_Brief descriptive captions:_
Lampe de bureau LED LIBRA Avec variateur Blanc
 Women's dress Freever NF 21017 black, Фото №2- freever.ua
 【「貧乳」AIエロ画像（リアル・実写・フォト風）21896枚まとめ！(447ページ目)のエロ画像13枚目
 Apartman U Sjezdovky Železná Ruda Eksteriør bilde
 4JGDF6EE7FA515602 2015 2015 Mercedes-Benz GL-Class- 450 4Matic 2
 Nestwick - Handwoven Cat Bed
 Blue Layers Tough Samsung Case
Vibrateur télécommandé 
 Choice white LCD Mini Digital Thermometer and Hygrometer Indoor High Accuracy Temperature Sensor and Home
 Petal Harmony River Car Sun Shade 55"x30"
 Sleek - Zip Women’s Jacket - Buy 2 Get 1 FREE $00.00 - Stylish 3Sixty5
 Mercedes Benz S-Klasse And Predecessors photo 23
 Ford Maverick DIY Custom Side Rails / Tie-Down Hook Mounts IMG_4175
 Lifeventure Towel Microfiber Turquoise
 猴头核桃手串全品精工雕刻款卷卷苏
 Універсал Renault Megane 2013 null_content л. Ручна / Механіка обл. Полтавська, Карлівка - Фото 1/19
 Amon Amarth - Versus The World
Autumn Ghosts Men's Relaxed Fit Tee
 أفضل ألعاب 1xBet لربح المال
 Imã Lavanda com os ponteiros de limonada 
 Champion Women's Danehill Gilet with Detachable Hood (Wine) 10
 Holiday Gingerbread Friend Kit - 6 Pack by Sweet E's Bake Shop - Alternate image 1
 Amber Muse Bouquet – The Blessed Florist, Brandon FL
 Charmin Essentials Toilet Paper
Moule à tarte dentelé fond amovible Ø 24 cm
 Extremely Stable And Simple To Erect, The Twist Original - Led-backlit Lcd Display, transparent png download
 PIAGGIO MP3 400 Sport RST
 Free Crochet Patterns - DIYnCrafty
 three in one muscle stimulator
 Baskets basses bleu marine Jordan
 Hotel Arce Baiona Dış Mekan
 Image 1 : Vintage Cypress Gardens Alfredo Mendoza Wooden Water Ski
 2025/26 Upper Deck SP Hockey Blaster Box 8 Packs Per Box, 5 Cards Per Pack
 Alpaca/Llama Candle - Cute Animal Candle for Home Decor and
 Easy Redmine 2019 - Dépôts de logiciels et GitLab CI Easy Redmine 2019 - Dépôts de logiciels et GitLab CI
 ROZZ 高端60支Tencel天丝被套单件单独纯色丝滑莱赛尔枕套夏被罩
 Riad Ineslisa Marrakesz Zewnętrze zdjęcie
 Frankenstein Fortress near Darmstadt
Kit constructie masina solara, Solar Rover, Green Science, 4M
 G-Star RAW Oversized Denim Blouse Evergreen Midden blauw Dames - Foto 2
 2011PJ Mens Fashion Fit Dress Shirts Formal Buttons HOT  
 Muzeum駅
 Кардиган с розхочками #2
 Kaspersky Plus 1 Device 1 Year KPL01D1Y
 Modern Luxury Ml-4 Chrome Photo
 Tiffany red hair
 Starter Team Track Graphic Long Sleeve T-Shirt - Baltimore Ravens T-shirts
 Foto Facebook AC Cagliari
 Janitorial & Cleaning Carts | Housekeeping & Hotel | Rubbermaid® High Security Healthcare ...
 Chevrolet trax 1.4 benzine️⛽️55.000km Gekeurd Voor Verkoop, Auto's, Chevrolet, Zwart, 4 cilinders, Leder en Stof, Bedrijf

_Your task:_
Filter the records for the word "Фото" and show every line that has it.

_Output of the exercise:_
 Women's dress Freever NF 21017 black, Фото №2- freever.ua
 Універсал Renault Megane 2013 null_content л. Ручна / Механіка обл. Полтавська, Карлівка - Фото 1/19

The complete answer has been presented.